From the equations above and equation (2), it follows that:

(5)   \begin{equation*} \sin x = x - \frac{{{x^3}}}{{3!}} + \frac{{{x^5}}}{{5!}} - \cdots = \sum\limits_{n = 0}^\infty {\frac{{{{\left( { - 1} \right)}^n}}}{{\left( {2n + 1} \right)!}}{x^{2n + 1}}} \end{equation*}

From equations (3), (4), and (5), if \theta is a real number:

    \[{e^{i\theta }} = \sum\limits_{n = 0}^\infty {\frac{{{{\left( {i\theta } \right)}^n}}}{{n!}}} = 1 + i\theta + \underbrace {{i^2}}_{ - 1}\frac{{{\theta ^2}}}{{2!}} + \underbrace {{i^3}}_{ - i}\frac{{{\theta ^3}}}{{3!}} + \underbrace {{i^4}}_1\frac{{{\theta ^4}}}{{4!}} + \underbrace {{i^5}}_i\frac{{{\theta ^5}}}{!} - ...\]

    \[{e^{i\theta }} = 1 + i\theta - \frac{{{\theta ^2}}}{{2!}} - \frac{{i{\theta ^3}}}{{3!}} + \frac{{{\theta ^4}}}{{4!}} + \frac{{i{\theta ^5}}}{{5!}}\]

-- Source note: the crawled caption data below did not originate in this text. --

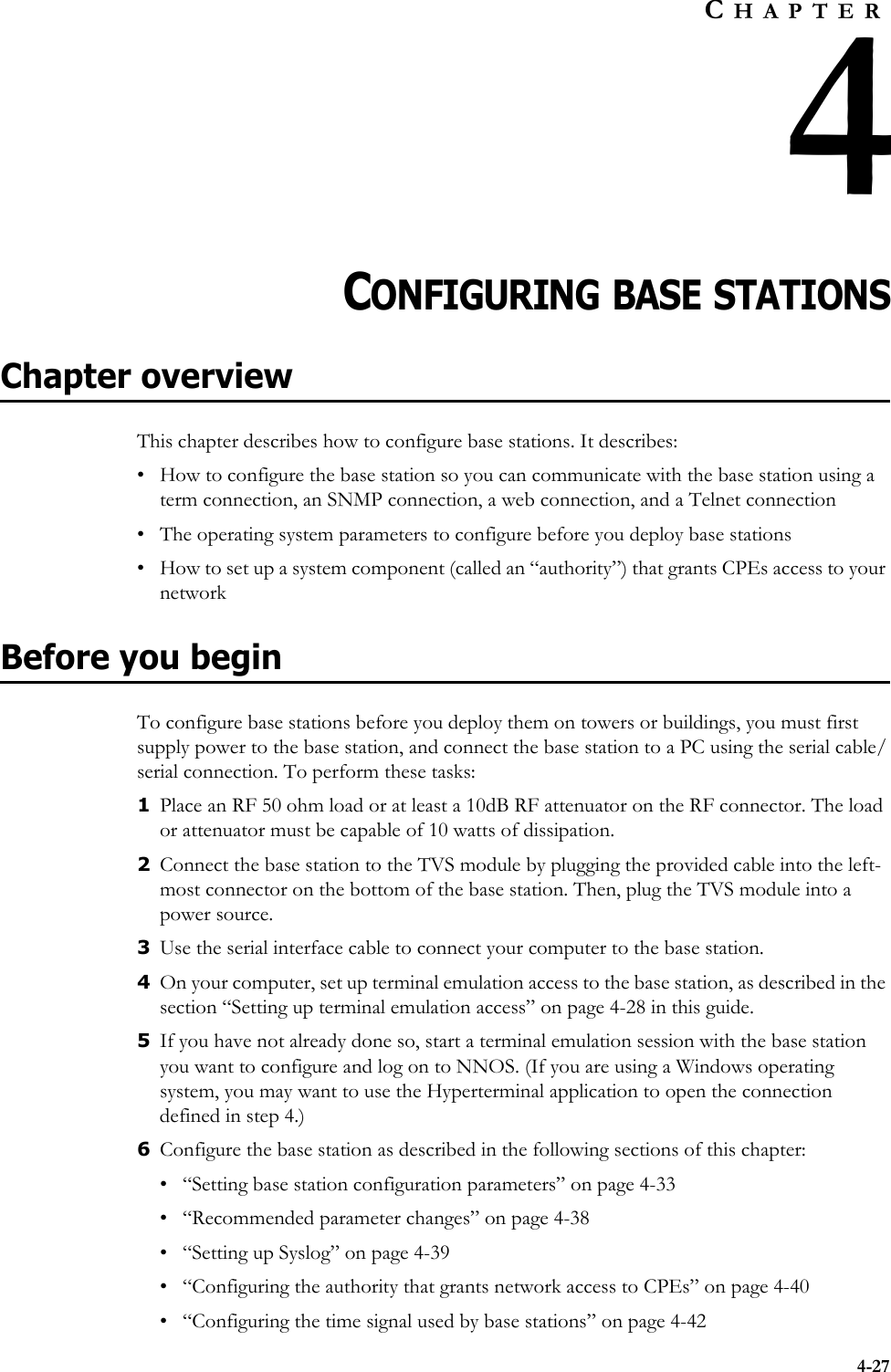 4-27CHAPTER4CHAPTER 4CONFIGURING BASE STATIONSChapter overviewThis chapter describes how to configure base stations. It describes:• How to configure the base station so you can communicate with the base station using a term connection, an SNMP connection, a web connection, and a Telnet connection• The operating system parameters to configure before you deploy base stations• How to set up a system component (called an “authority”) that grants CPEs access to your networkBefore you beginTo configure base stations before you deploy them on towers or buildings, you must first supply power to the base station, and connect the base station to a PC using the serial cable/serial connection. To perform these tasks:1Place an RF 50 ohm load or at least a 10dB RF attenuator on the RF connector. The load or attenuator must be capable of 10 watts of dissipation. 2Connect the base station to the TVS module by plugging the provided cable into the left-most connector on the bottom of the base station. Then, plug the TVS module into a power source.3Use the serial interface cable to connect your computer to the base station. 4On your computer, set up terminal emulation access to the base station, as described in the section “Setting up terminal emulation access” on page 4-28 in this guide. 5If you have not already done so, start a terminal emulation session with the base station you want to configure and log on to NNOS. (If you are using a Windows operating system, you may want to use the Hyperterminal application to open the connection defined in step 4.) 6Configure the base station as described in the following sections of this chapter:• “Setting base station configuration parameters” on page 4-33• “Recommended parameter changes” on page 4-38• “Setting up Syslog” on page 4-39• “Configuring the authority that grants network access to CPEs” on page 4-40• “Configuring the time signal used by base stations” on page 4-42
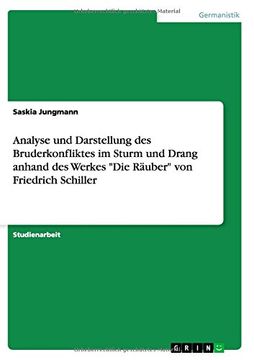 portada Analyse und Darstellung des Bruderkonfliktes im Sturm und Drang anhand des Werkes "Die Räuber" von Friedrich Schiller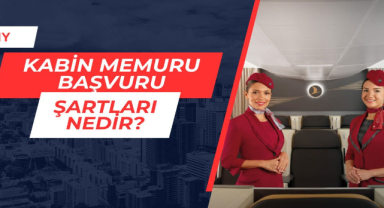 THY Kabin Memuru Alımı Başladı: Kimler Başvuru Yapabiliyor?
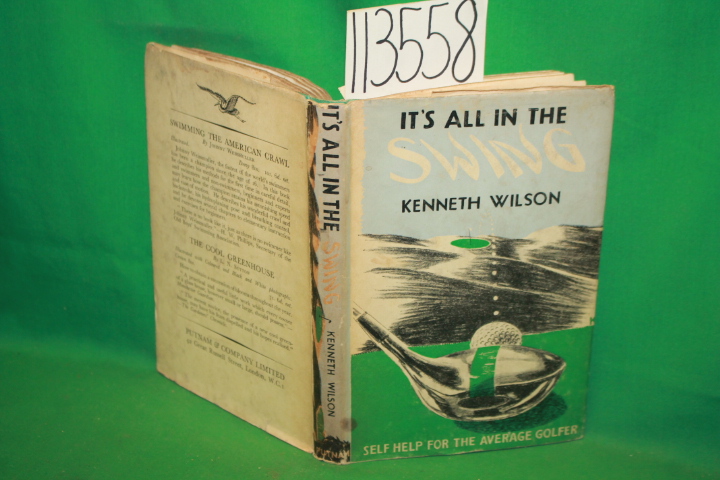 Wilson, Kenneth: It's All in the Swing Self Help for the Average Golfer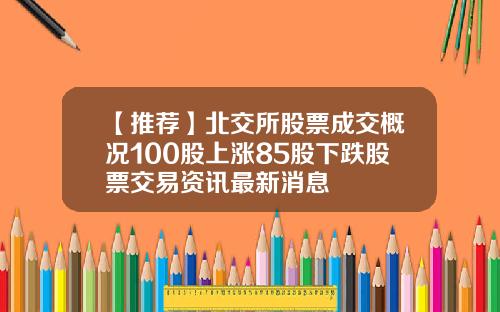 【推荐】北交所股票成交概况100股上涨85股下跌股票交易资讯最新消息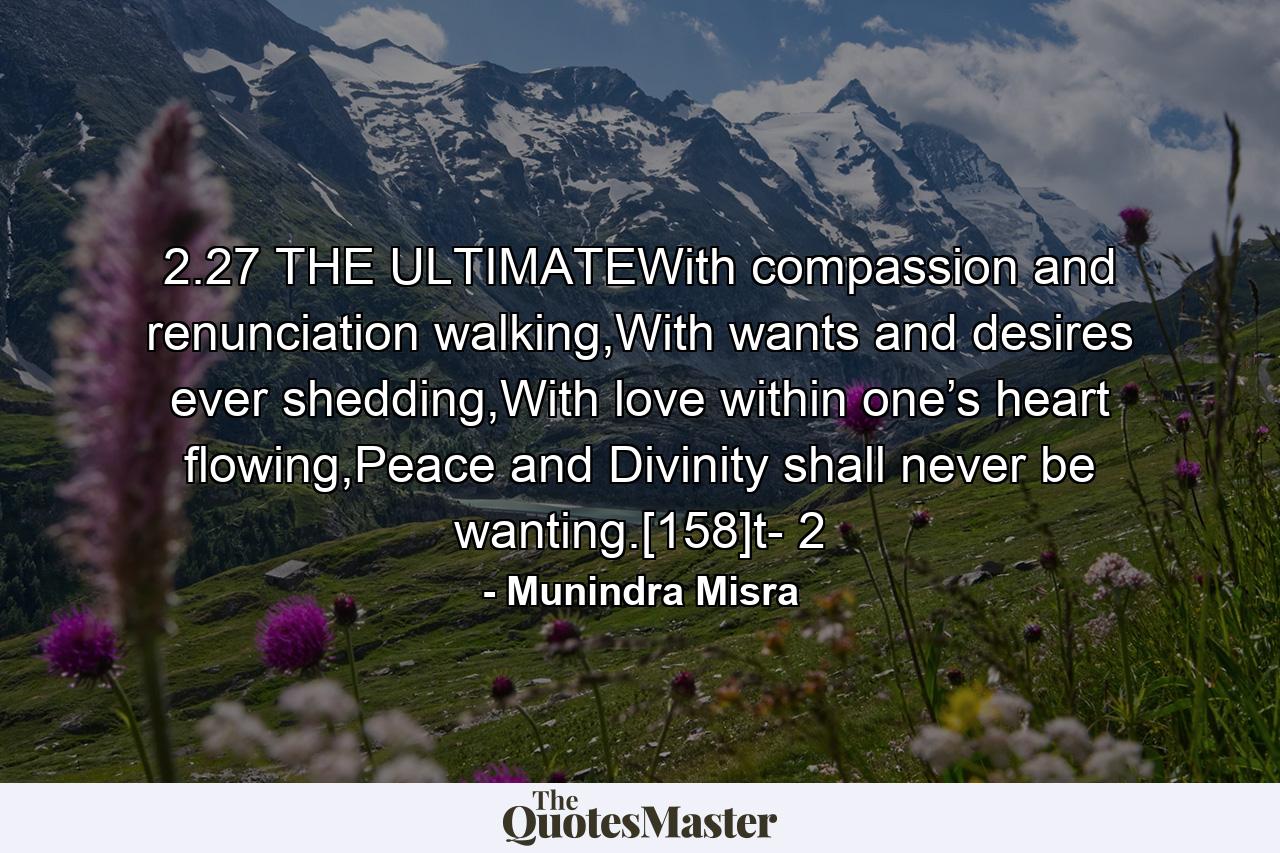 2.27 THE ULTIMATEWith compassion and renunciation walking,With wants and desires ever shedding,With love within one’s heart flowing,Peace and Divinity shall never be wanting.[158]t- 2 - Quote by Munindra Misra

(6)   \begin{equation*} {e^{i\theta }} = \underbrace {\left( {1 - \frac{{{\theta ^2}}}{{2!}} + \frac{{{\theta ^4}}}{{4!}} - ...} \right)}_{\cos \theta } + i\underbrace {\left( {\theta - \frac{{{\theta ^3}}}{{3!}} + \frac{{{\theta ^5}}}{{5!}} - ...} \right)}_{\sin \theta } = \cos \theta + i\sin \theta \end{equation*}

Finally, let \theta = \pi. Equation (6) becomes:

    \[{e^{i\pi }} = \cos \pi + i\sin \pi = - 1\]

And:

    \[{e^{i\pi }} + 1 = 0\]

Notes:

  1. “Basic Training in Mathematics: a Fitness Program for Science Students.” Basic Training in Mathematics: a Fitness Program for Science Students, by Ramamurti Shankar, Springer, 2006, p. 95.
  2. Feynman, Richard. “Algebra.” The Feynman Lectures on Physics, www.feynmanlectures.caltech.edu/I_22.html.